Trends und Entwicklungen in der Elektronikindustrie sind entscheidend für den Batterien- und Akkumulatorenmarkt. Die Vielfalt mobiler und digitaler Geräte wird immer größer und viele Kleingeräte wie Handys, Smartphones oder auch Notebooks tendieren zur Miniaturisierung. Da die Geräte bei geringem Gewicht einen hohen Energiebedarf abdecken müssen, stellen diese Entwicklungen neue Anforderungen an die Energiezufuhr. Um eine optimale Versorgung zu gewährleisten, werden Batterien und Akkumulatoren deshalb kontinuierlich verbessert und an den neuesten Stand der Technik angepasst. Im Hinblick auf das neue EU-Batteriegesetz ist es außerdem besonders wichtig, dass die Energiebereitstellung schadstoffarm und umweltverträglich erfolgt.
Primärzellen: Beliebte Energiespeicher
In Deutschland sind etwa zwei Drittel aller Batterien Alkali-Mangan (ZnMnO2)-Batterien. Diese gehören zu den wichtigsten elektrochemischen Energiespeichern. Die Einsatzmöglichkeiten sind vielfältig, da die Batterien in den unterschiedlichsten Baugrößen erhältlich sind. Essentiell sind ZnMnO2-Batterien Zink-Braunstein-Zellen mit alkalischem Elektrolyt. Der elektrochemisch aktive Stoff in der negativen Elektrode ist Zink und in der positiven Elektrode Braunstein bzw. Mangandioxid. Als Elektrolyt wird eine Kaliumhydroxid-Lösung eingesetzt. Die elektrische Energie wird durch die Oxidation von Zink und die Reduktion von Mangandioxid geliefert.

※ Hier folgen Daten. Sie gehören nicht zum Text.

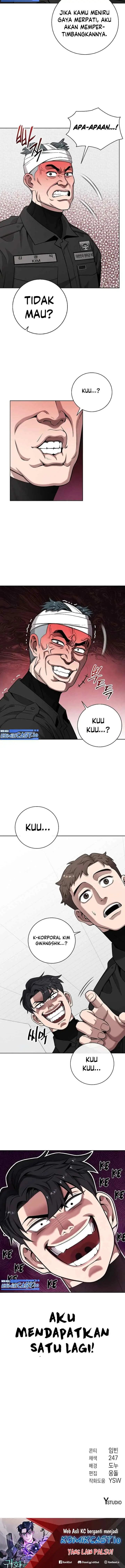 The Dark Mage's Return to Enlistment chapter 23 halaman 17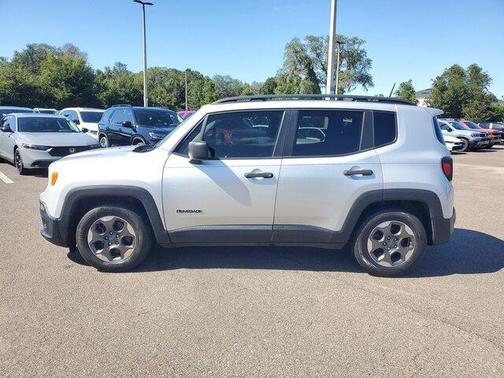 2017 Jeep Renegade Sport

Besonders für Geräte, die viel Energie benötigen, sind heutzutage optimierte ZnMnO2-Batterien erhältlich. Im Prinzip gibt es zwei Wege, die Leistungsfähigkeit von ZnMnO2-Batterien zu erhöhen und ihre Lebensdauer zu verlängern. Zum einen durch den vermehrten Einsatz von aktiver Masse in einer dickeren Kathode in einem größeren Zellinnen-Volumen; zum anderen durch die Nutzung verbesserter Elektrolyten mit höherer Leitfähigkeit. Batteriehersteller wie Duracell setzen beispielsweise eine Hochleistungskathode (HPC, High Performance Cathode) ein. Die Kathode setzt sich aus Graphit (SCG, Single Crystal Graphite) und Mangandioxid zusammen. Da das Graphit aus besonders kleinen Partikeln, die eine verbesserte Leitfähigkeit bieten, besteht, muss insgesamt weniger davon verwendet werden.
Als aktiver Bestandteil wird reines, aktives Mangandioxid genutzt. Verglichen mit einer herkömmlichen Kathode kann dies in einer größeren Menge eingesetzt werden. Somit kann eine längere Lebensdauer und höhere Energieabgabe der Batterie erzielt werden.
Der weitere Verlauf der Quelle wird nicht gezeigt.